**Task directions**: The pictures stay out; all of the data is to be printed exactly.

**Pictures with short captions**:
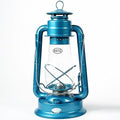 Blue Dietz #80 Blizzard Hurricane Oil Lamp - Outdoor Lantern, Emergency, Camping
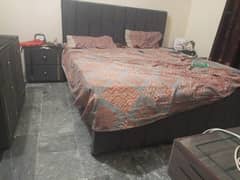 complete household furniture, bed and other items for Sale, furniture
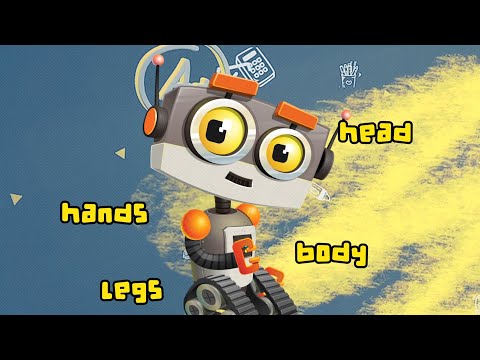 Parts of a Robot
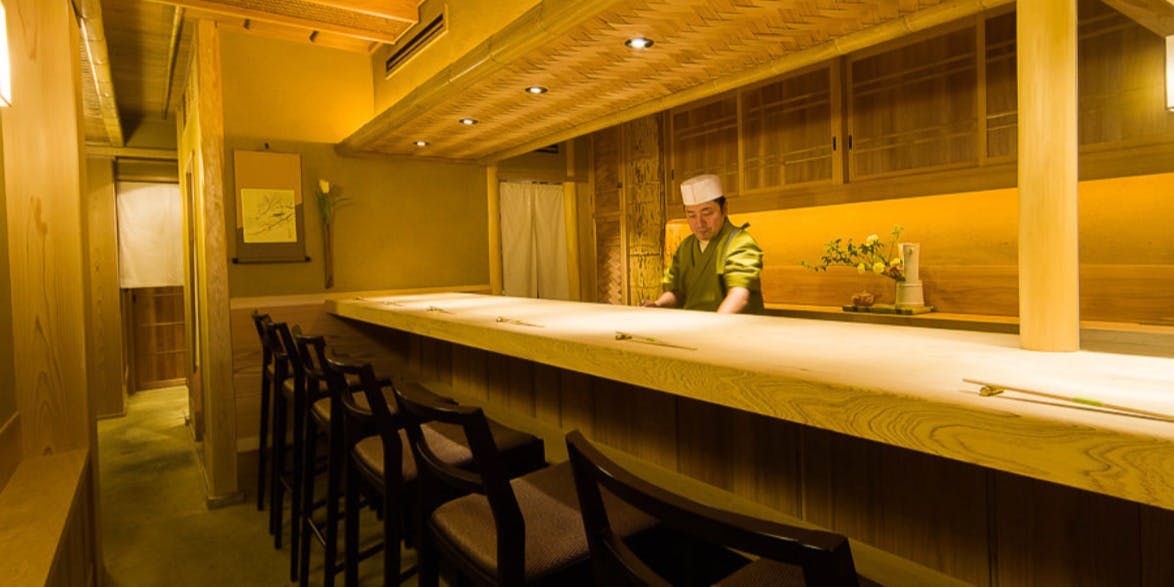 日本料理 百屋（旧：味勧屋） - 画像1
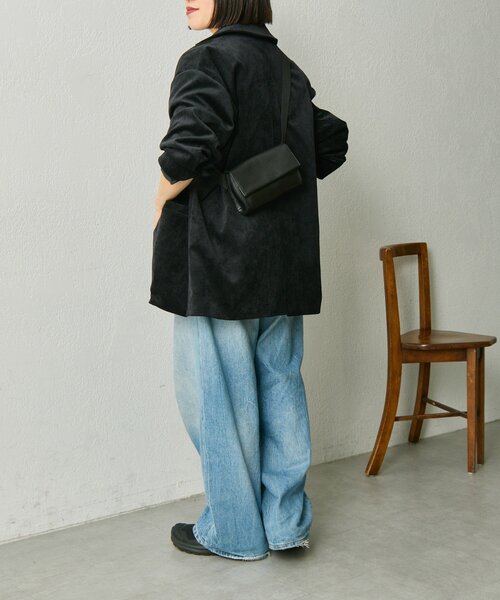 ear PAPILLONNER（イア パピヨネ） ショルダーバッグ バッグ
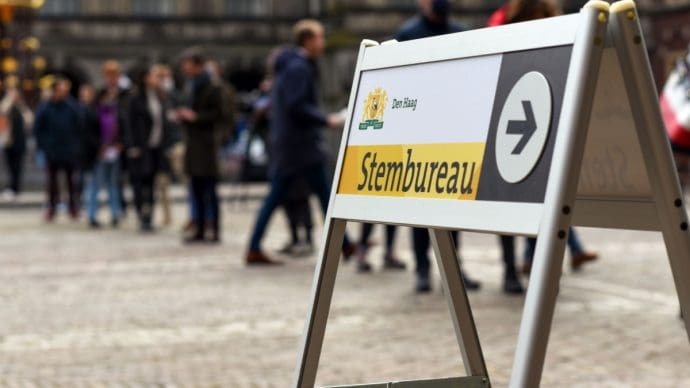 Gemeenteraadsverkiezingen: zoveel verdien je op een stembureau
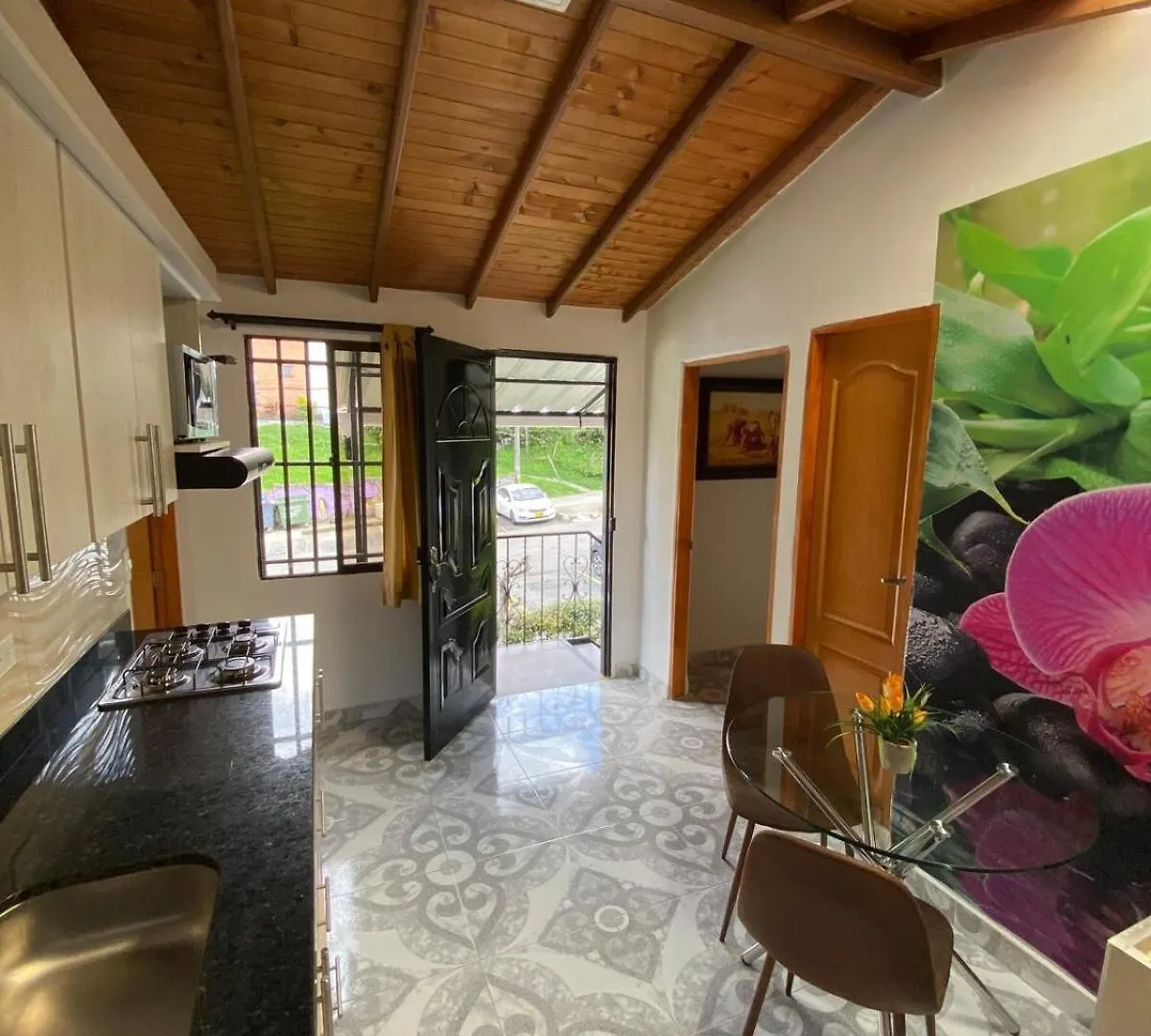Lejlighed Acogedor Apartamento Cerca Al Tranvia 301 Medellín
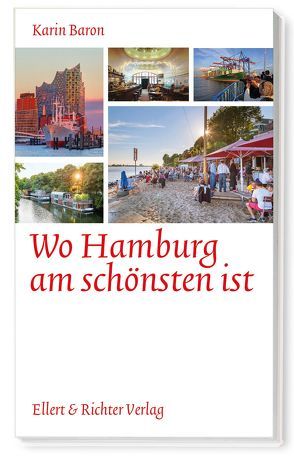 Wo Hamburg am schönsten ist von Baron,  Karin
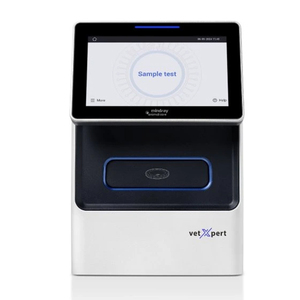 Analizador de Química Sanguínea Veterinario Mindray VetXpert C5, Totalmente Automático, Bioquímica en Seco, Ecológico, para Uso Veterinario en Perros - Product Image 4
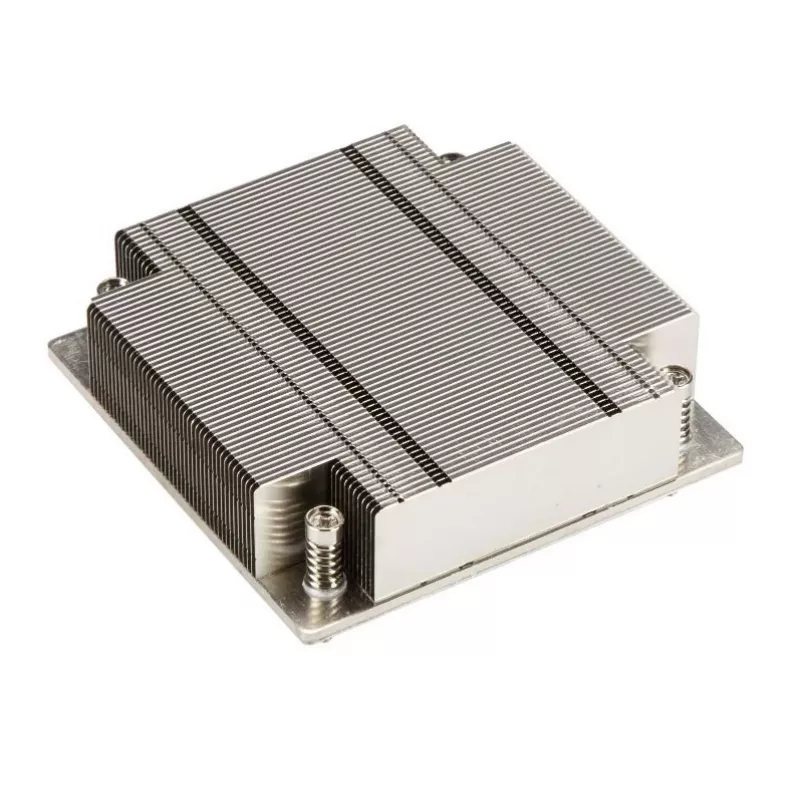 Heatsink/Radiators Supermicro SNK-P0049P Intel Xeon E3, LGA1155, 1U, TDP 95W, alumīnijs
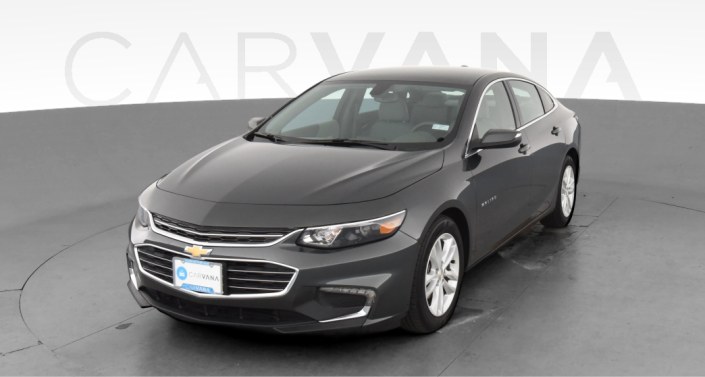 Used Chevrolet Malibu For Sale Carvana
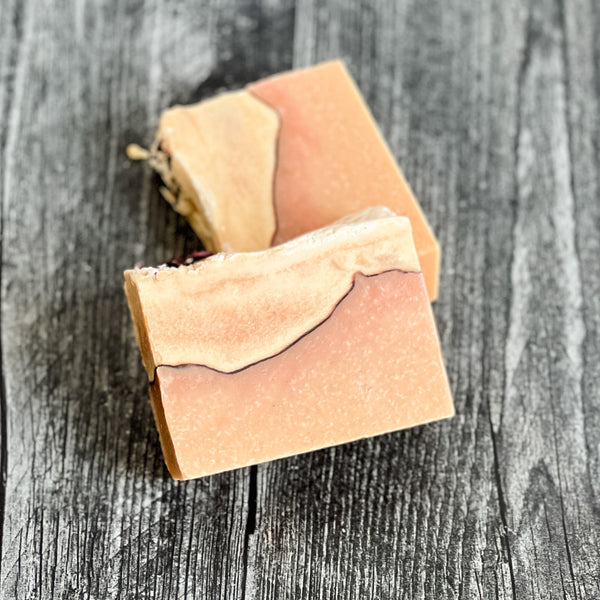 Palisade Sunset Cocoa Butter Soap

**Written response**:
 Blue Dietz #80 Blizzard Hurricane Oil Lamp - Outdoor Lantern, Emergency, Camping
 complete household furniture, bed and other items for Sale, furniture
 Parts of a Robot
 日本料理 百屋（旧：味勧屋） - 画像1
 ear PAPILLONNER（イア パピヨネ） ショルダーバッグ バッグ
 Gemeenteraadsverkiezingen: zoveel verdien je op een stembureau
Lejlighed Acogedor Apartamento Cerca Al Tranvia 301 Medellín
 Wo Hamburg am schönsten ist von Baron,  Karin
 Analizador de Química Sanguínea Veterinario Mindray VetXpert C5, Totalmente Automático, Bioquímica en Seco, Ecológico, para Uso Veterinario en Perros - Product Image 4
 Heatsink/Radiators Supermicro SNK-P0049P Intel Xeon E3, LGA1155, 1U, TDP 95W, alumīnijs
 Used Chevrolet Malibu For Sale Carvana
 Palisade Sunset Cocoa Butter Soap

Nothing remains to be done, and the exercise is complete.